Lo que resulta curioso y emocionante de esta escena, que todavía hoy al verla me pone la carne de gallina, es el encuentro del policía con un mundo que jamás hubiera podido imaginar. La escena es magistral, con la música de Beethoven sonando a todo trapo y esos paisajes que ni de lejos han aparecido antes en el ambiente oscuro de la película. Recuerdo que cuando la vimos en el cine, en un alarde técnico posiblemente realizado por el mismo operador de la cabina, la pantalla crecía a lo ancho, dándole a la escena todavía mayor importancia. Estamos viendo a dos personas completamente distintas. Una que ha conocido un mundo brutalmente diferente al que está viviendo el otro, que ni por ensoñación habría podido concebir jamás que pudiera haber existido un mundo tan hermoso. 
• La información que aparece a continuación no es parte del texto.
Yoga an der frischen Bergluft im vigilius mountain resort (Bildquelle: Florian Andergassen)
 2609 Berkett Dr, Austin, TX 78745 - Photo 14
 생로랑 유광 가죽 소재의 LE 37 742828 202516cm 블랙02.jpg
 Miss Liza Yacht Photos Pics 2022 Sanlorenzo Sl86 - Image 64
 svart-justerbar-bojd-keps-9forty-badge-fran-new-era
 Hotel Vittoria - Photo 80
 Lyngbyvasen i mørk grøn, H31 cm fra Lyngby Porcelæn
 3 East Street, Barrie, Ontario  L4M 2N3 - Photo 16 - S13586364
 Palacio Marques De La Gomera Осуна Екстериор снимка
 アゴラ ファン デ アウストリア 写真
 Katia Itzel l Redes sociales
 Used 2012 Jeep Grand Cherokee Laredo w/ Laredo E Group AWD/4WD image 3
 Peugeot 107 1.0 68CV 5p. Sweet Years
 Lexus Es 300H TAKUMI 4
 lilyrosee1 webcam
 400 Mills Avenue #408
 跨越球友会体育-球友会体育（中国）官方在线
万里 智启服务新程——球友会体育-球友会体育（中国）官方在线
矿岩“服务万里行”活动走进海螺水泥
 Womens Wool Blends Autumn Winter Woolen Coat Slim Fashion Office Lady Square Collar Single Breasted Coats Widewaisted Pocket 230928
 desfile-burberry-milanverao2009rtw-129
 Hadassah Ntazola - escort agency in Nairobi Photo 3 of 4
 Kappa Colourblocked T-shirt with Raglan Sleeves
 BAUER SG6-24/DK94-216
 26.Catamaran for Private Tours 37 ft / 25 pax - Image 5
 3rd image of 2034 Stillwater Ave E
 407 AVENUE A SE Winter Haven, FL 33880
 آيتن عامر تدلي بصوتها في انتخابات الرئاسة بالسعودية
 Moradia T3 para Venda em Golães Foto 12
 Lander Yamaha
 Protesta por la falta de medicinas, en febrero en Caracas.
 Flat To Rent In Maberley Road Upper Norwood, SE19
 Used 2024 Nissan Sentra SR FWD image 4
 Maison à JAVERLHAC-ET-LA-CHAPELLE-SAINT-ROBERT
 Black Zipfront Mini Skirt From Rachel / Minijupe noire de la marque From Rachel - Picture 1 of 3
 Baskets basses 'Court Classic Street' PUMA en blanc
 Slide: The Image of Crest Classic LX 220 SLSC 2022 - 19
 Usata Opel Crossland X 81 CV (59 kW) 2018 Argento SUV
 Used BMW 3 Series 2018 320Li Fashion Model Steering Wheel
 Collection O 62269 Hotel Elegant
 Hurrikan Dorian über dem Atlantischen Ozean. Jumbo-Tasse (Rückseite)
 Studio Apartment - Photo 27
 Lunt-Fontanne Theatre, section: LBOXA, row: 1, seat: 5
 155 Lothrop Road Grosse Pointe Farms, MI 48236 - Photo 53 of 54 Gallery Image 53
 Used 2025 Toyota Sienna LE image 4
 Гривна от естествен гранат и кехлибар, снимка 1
Todo esto me ha dado que pensar. En cierto modo, estoy empezando a identificarme con Sol Roth. Yo he conocido un mundo diferente al que estamos viviendo hoy en día. Un mundo en el que se valoraba el sacrificio individual, el esfuerzo, el coraje para sacar adelante una familia en una situación muchísimo más difícil de la que tenemos ahora. Un mundo en el que era posible salir adelante con ilusión, aunque se tuviera poco. Un mundo, como ya he dicho antes, en el que una canción de Antonio Machín llenaba la atmósfera y te alegraba la mañana. Un mundo, en definitiva, en el que la alegría se sobreponía a todo lo demás.

Ahora estamos en otro mundo. No quiero pensar que vayamos de cabeza hacia el caos que se describe en la película, pero la brecha entre ricos y pobres es cada vez mayor, y los pobres, la inmensa mayoría de la población, han perdido la alegría en su burda pretensión de igualarse a una clase superior, la de los ricos y privilegiados, que simplemente jamás los va a aceptar. Se ha perdido la alegría del esfuerzo, la que proporciona alcanzar la tranquilidad que da el hecho de no perder la cabeza por obtener algo que nos iguale a los ricos. No importa ser, sino tener, algo que para más inri cada vez es más complicado porque los sueldos son más bajos en virtud de esa brecha de la que hablaba antes. Teniéndolo prácticamente todo, somos cada vez más tristes y mezquinos. Compliquemos más el asunto con la contaminación ambiental, el cambio climático, la vuelta al miedo que provocan los enemigos extranjeros, y si lo pensáis, nos encontramos más cerca del mundo del policía que del de el bueno de Sol Roth.

Al menos me queda el consuelo de que mis hermanos y yo sí que hemos conocido ese mundo, y de que con un poco de suerte se lo hemos conseguido transmitir a nuestros hijos.